## ABOUT THIS EXERCISE
Apart from the images, reproduce all of the data word for word.

## SOURCE DATA

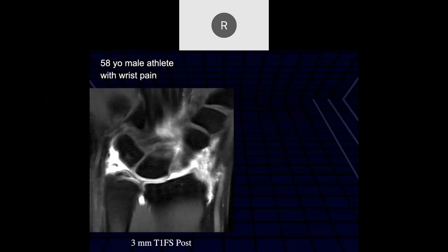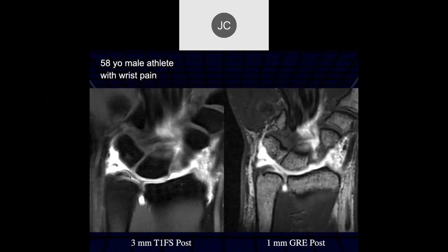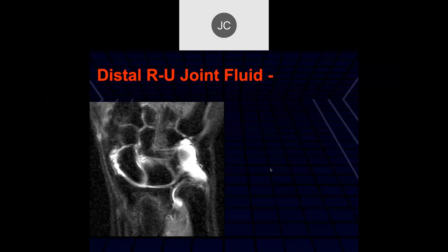I think we ended on this study before where we can see the increased signal intensity within the TFCC — gradient echo, thin-cut gradient echo showing the tear.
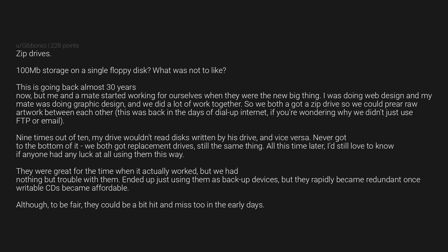Nine times out of ten, my drive wouldn't read discs written by his drive, and vice versa. Never got to the bottom of it. We both got replacement drives, still the same thing. All this time later, I'd still love to know if anyone had any luck at all using them this way. They were great for the time when it actually worked, but we had nothing but trouble with them. Ended up just using them as backup devices, but they rapidly became redundant once writable CDs became affordable.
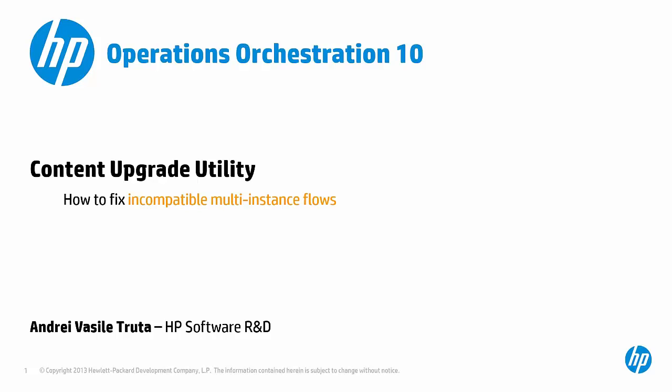Hi, I'm Andre from HP Software R&D and in this video we will talk about Content Upgrade Utility, the tool that is used to upgrade content from OO 9 format to OO 10 format.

## ANSWER SECTION
I think we ended on this study before where we can see the increased signal intensity within the TFCC — gradient echo, thin-cut gradient echo showing the tear.
Nine times out of ten, my drive wouldn't read discs written by his drive, and vice versa. Never got to the bottom of it. We both got replacement drives, still the same thing. All this time later, I'd still love to know if anyone had any luck at all using them this way. They were great for the time when it actually worked, but we had nothing but trouble with them. Ended up just using them as backup devices, but they rapidly became redundant once writable CDs became affordable.
Hi, I'm Andre from HP Software R&D and in this video we will talk about Content Upgrade Utility, the tool that is used to upgrade content from OO 9 format to OO 10 format.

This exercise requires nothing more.